Transference, I try to tell myself. A misfiring of high-arousal adrenaline into the sexual centers of the brain.

It's a textbook physiological response to extreme stress, a desperate grab for life in the face of death. I know the theory, I've explained it to victims. But as I watch Killian’s blue signature move with that cold, rhythmic finality, the theory feels like a paper shield against a goddamn hurricane. I’m not just surviving; I’m wanting.

And the clinician in me has no words for the shame of it.

“Nice shot,” Jackson comments as the first red dot ceases to exist.

I don’t take my eyes off the monitors. I don’t even hear Jackson typing. I’m just waiting for the two blue signatures to crawl back out of the blind spot near the drainage culvert, my heart hammering against my ribs until they finally drift back toward the front porch.

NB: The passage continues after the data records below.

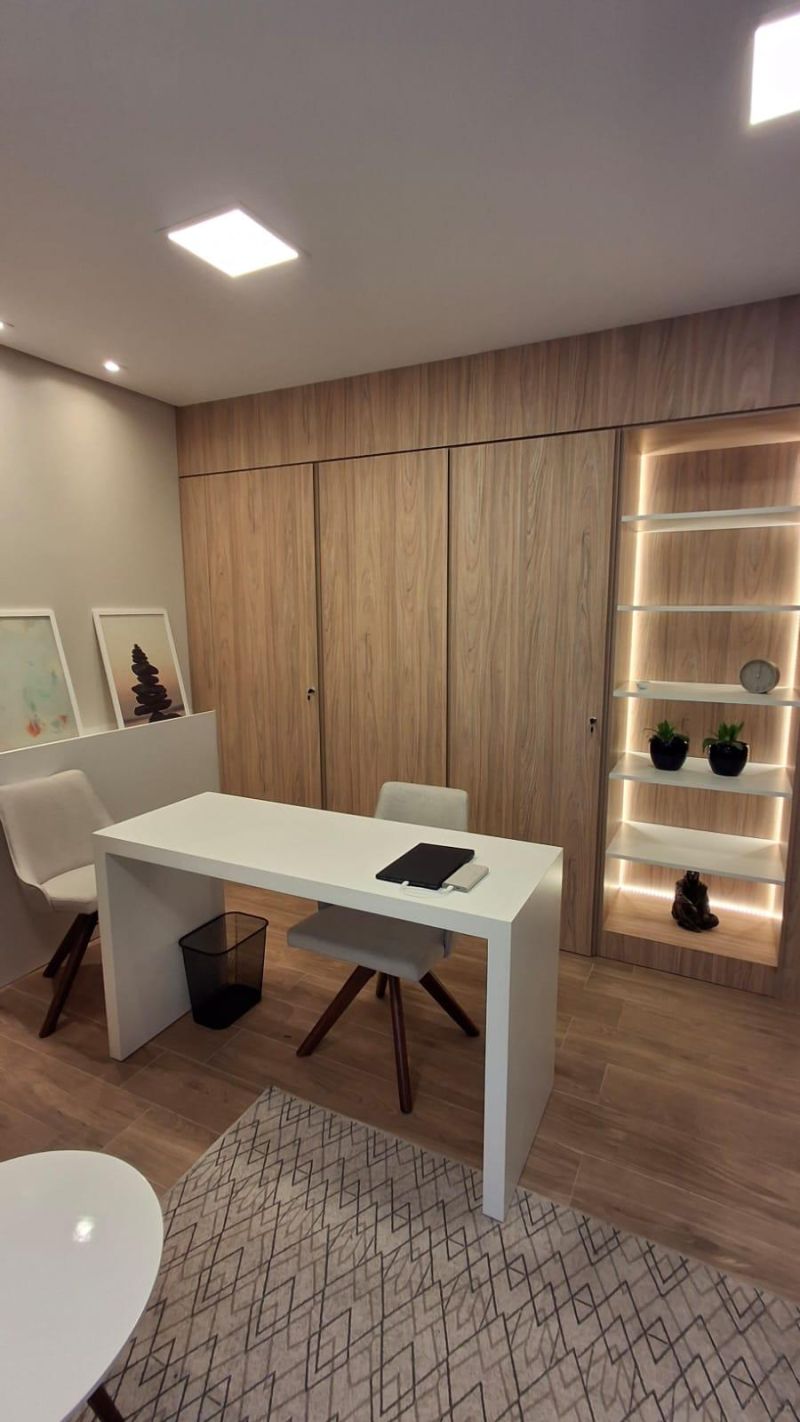 Sala com 1 banheiro e 47m² à venda no bairro Centro, Taquara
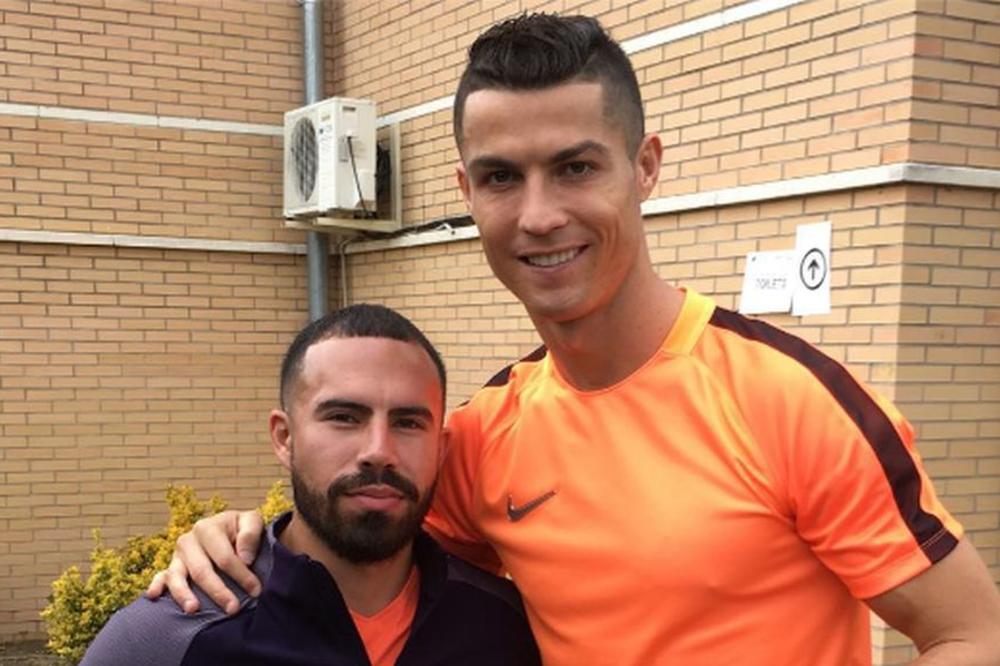 ČOVEK SA NAJBRŽIM NOGAMA NA SVETU: Njegove vežbe su lude, a Ronaldo mu se divi i uči od njega! (VIDEO)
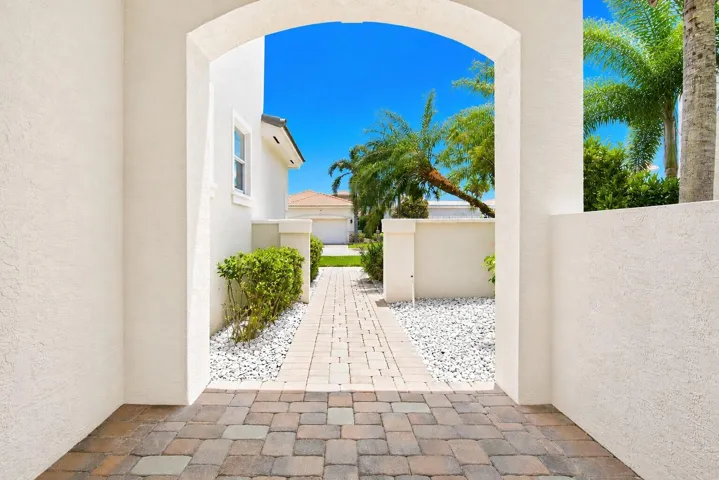 207-ISLE-VERDE-WAY-33418-007
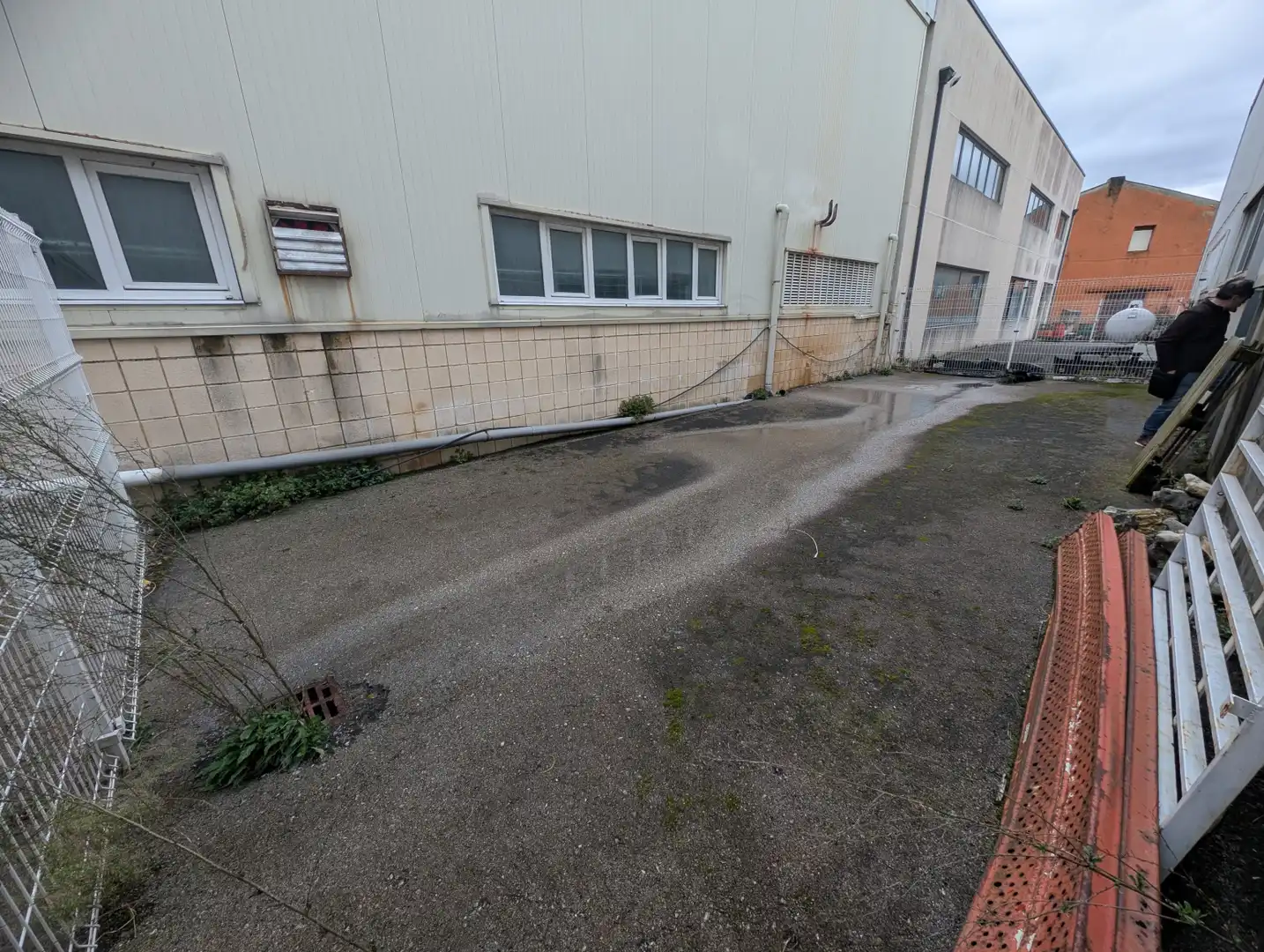 Parkplatz von Fabrikhallen zur Miete in Colindres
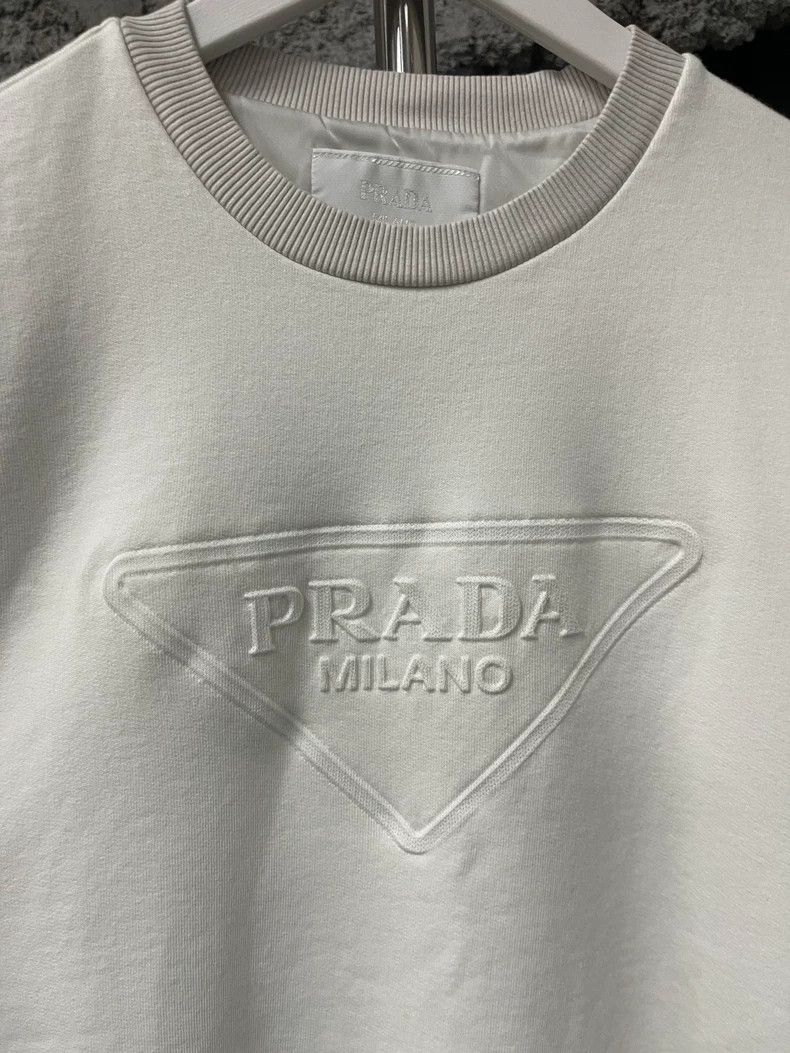 Prada PradaWhite embossed letter logo short sleeves 2503-Nextarro Size US M / EU 48-50 / 2 - 5 Thumbnail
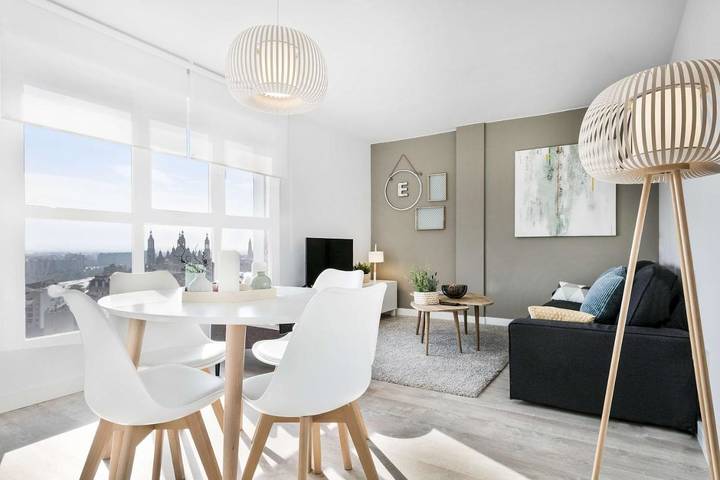Apartamento de vacaciones para 6 personas, con Vistas en Zaragoza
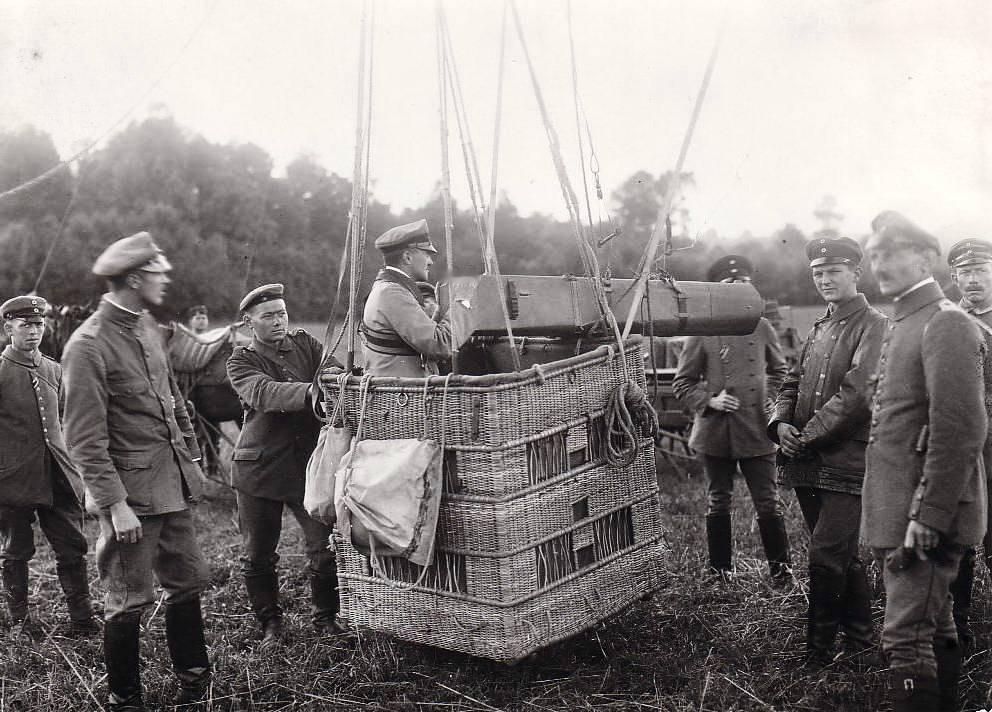一战期间，德国的热气球主要用于军事侦察！分享一张老照片！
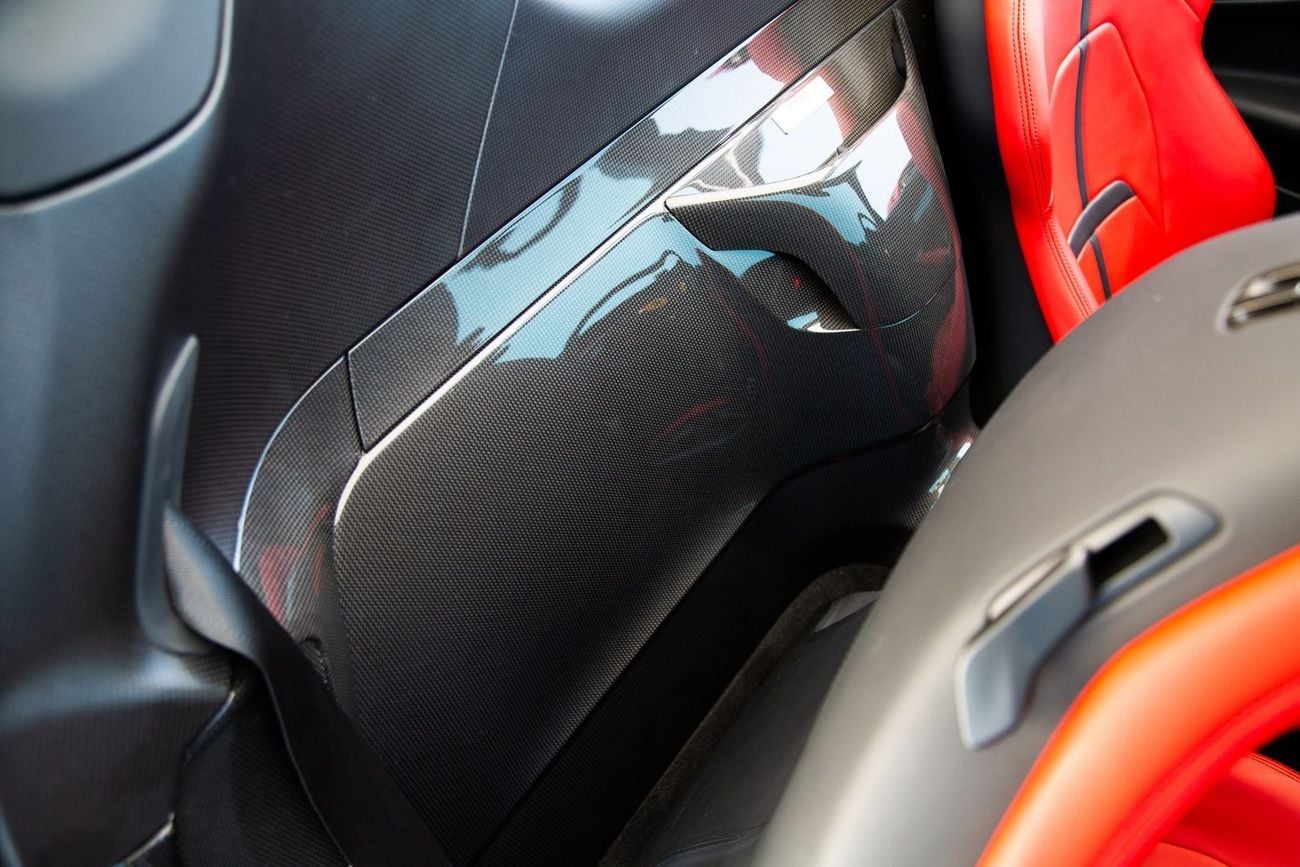 فيراري SF90 ستراديل ASSETTO FIORANO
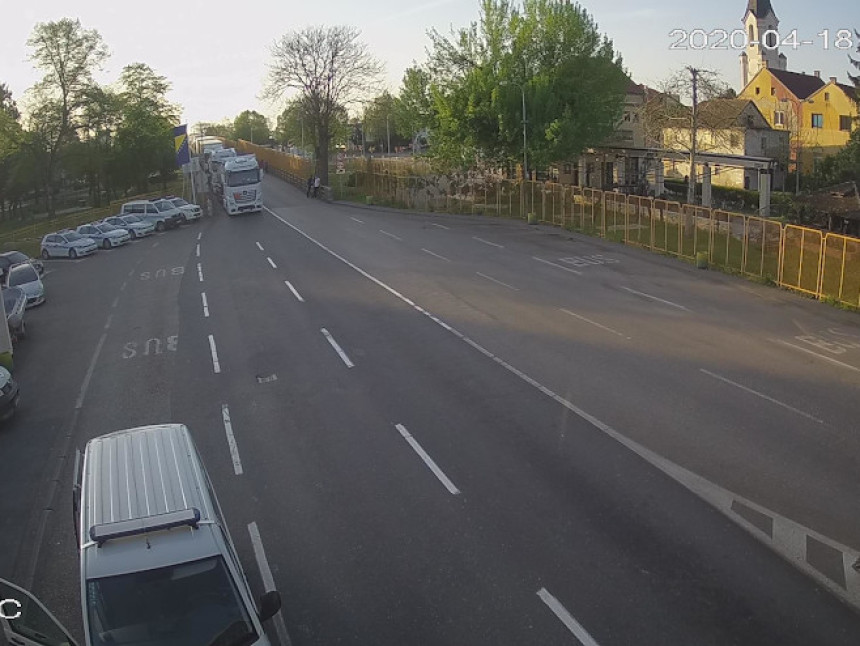 Duge kolone teretnih vozila na prelazu Gradiška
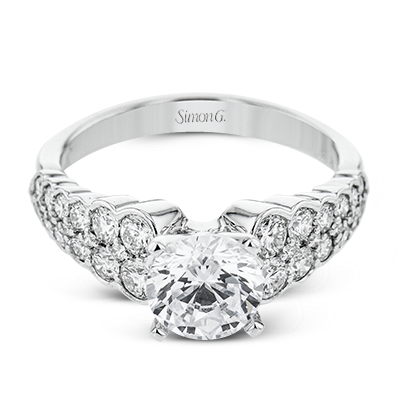 Engagement Ring in 18k Gold with Diamonds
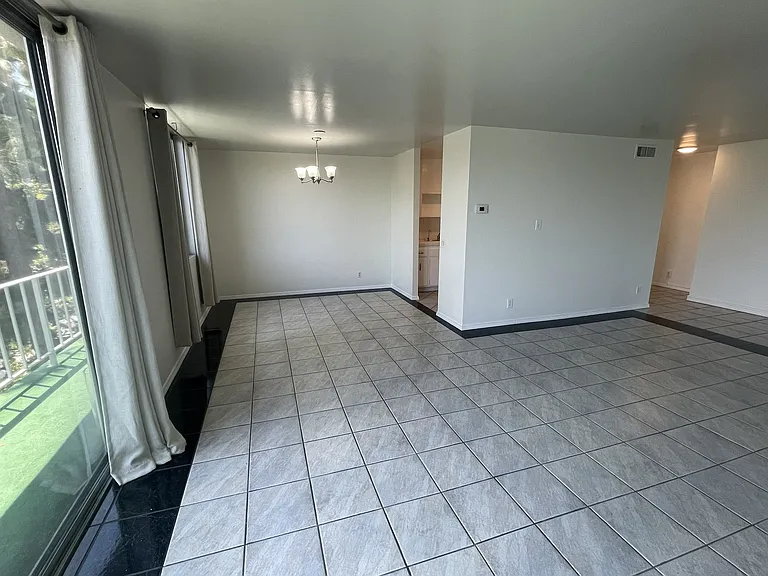 100 S Doheny Dr #313 — Photo 12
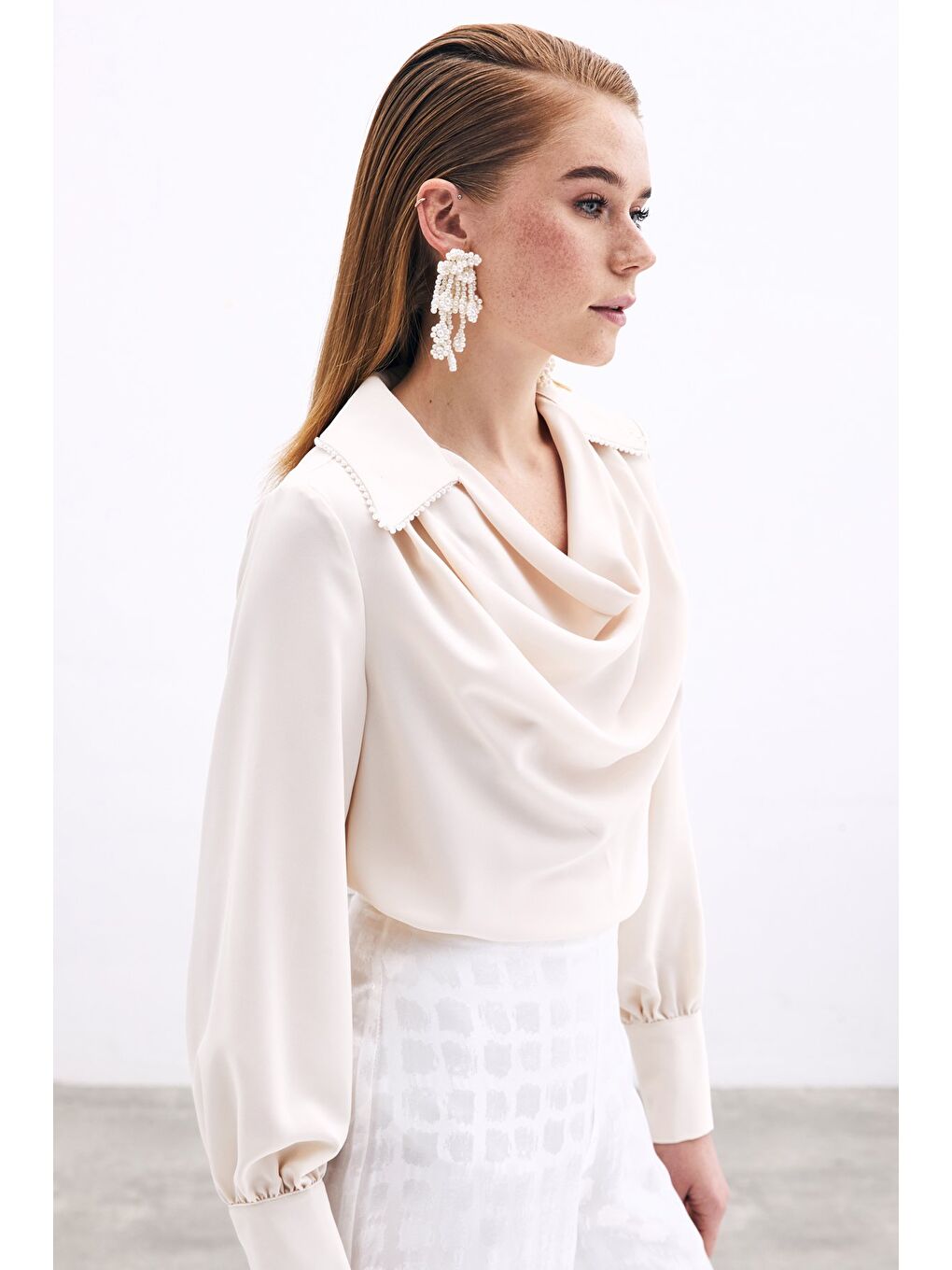 Degaje Yaka İncili Salaş Bluz - Bej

Three minutes and forty-seven seconds. I counted every one of them.

Blood soaks through Kai’s sleeve. Not a little bit. A lot. The fabric is saturated, leaving a trail dripping behind him.

Pat. Pat. Pat.

“Let me see.” I move toward Kai, my fingers already finding the medical kit. Jackson pulls out a stool at the kitchen island.

"It's fine, Ell's," his smile is tight. "Just a scratch."

"Kai," Jackson doesn't look up. "She can see the bone."

"Sit the fuck down before you bleed out on her floor," Killian snaps.

Kai wavers, his face turning bone-white, but Killian's hand lands on his uninjured shoulder with enough force to lock him into the chair.